Question

At the pure inductive stage, find e_max.

Answer 1

At the pure inductive stage, the maximum voltage or e_max can be determined by the equation: 

e_max = I_max \(\times\) X_L 

where I_max is the maximum current flowing through the inductor and X_L is the inductive reactance. 

Inductive reactance (X_L) is calculated using the formula: 

X_L = 2πf_L 

where f is the frequency of the alternating current (AC) signal and L is the inductance of the inductor. 

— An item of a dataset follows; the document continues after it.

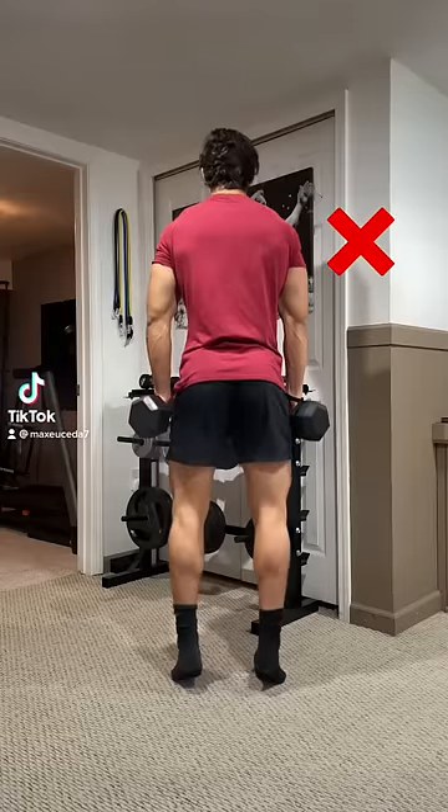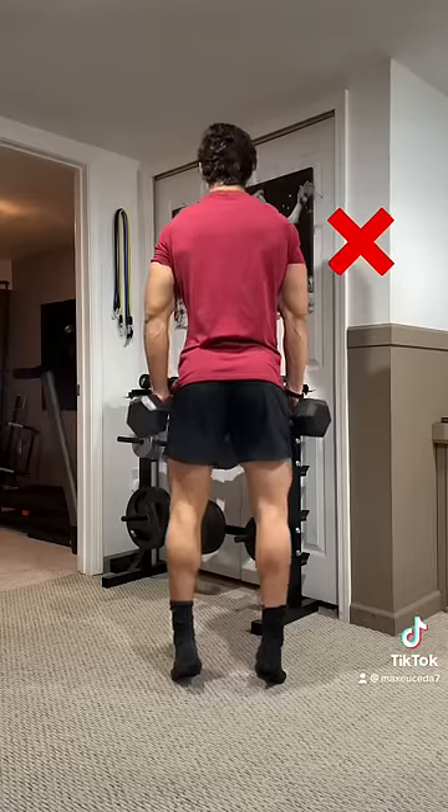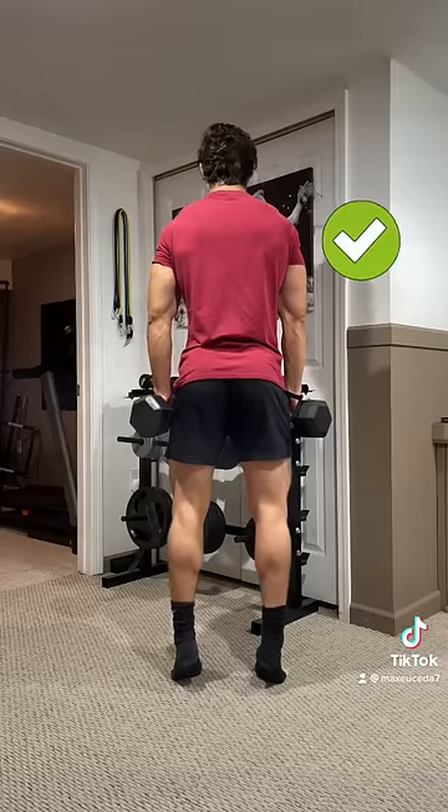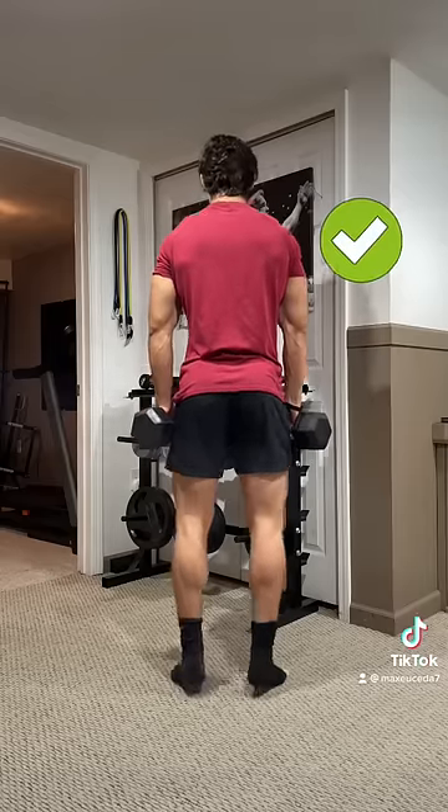Stop using momentum during your calf raises. When you spring up from the bottom, you shift the work to your Achilles tendon, which limits the work done by your calves. Instead, pause at the bottom and at the top for 1-2 seconds each so you can really feel the tension in your calves.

To find e_max, you would need to know the values of Imax, f, and L for the specific circuit or scenario in question. Once you have those values, you can substitute them into the equations to calculate the maximum voltage or e_max at the pure inductive stage.

Answer 2

In an ideal pure inductive circuit, the maximum emf (\(e_{\text{max}}\)) occurs when the rate of change of current (\(\frac{di}{dt}\)) is maximum. This happens when the circuit is first connected to a voltage source or when the voltage across the inductor changes abruptly.
Key Points for Pure Inductive Circuit:
1. Inductor Behavior: In a pure inductive circuit, the voltage across the inductor \(V_L\) depends on the rate of change of current through it, given by \( V_L = L \frac{di}{dt} \), where \( L \) is the inductance.
2. Maximum emf (\( e_{\text{max}} \)): This occurs when the current through the inductor changes most rapidly, such as when the circuit is first energized or de-energized.
Mathematical Explanation:
When the switch in an inductive circuit is closed or opened, the current through the inductor changes abruptly. At this moment, the inductor opposes this change by inducing a voltage (emf) to maintain current continuity. The magnitude of this emf \( e_{\text{max}} \) can be quite large, theoretically infinite in an ideal case with zero resistance.
 Conclusion:
- Maximum emf (\( e_{\text{max}} \)): The maximum emf in a pure inductive circuit occurs at the moment when the current change (\(\frac{di}{dt}\)) is maximum, typically when the circuit is first connected or disconnected.
- The exact numerical value of \( e_{\text{max}} \) would depend on the specific circuit parameters such as inductance \( L \) and the rate of change of current (\(\frac{di}{dt}\)), but in theoretical terms, it can be very high.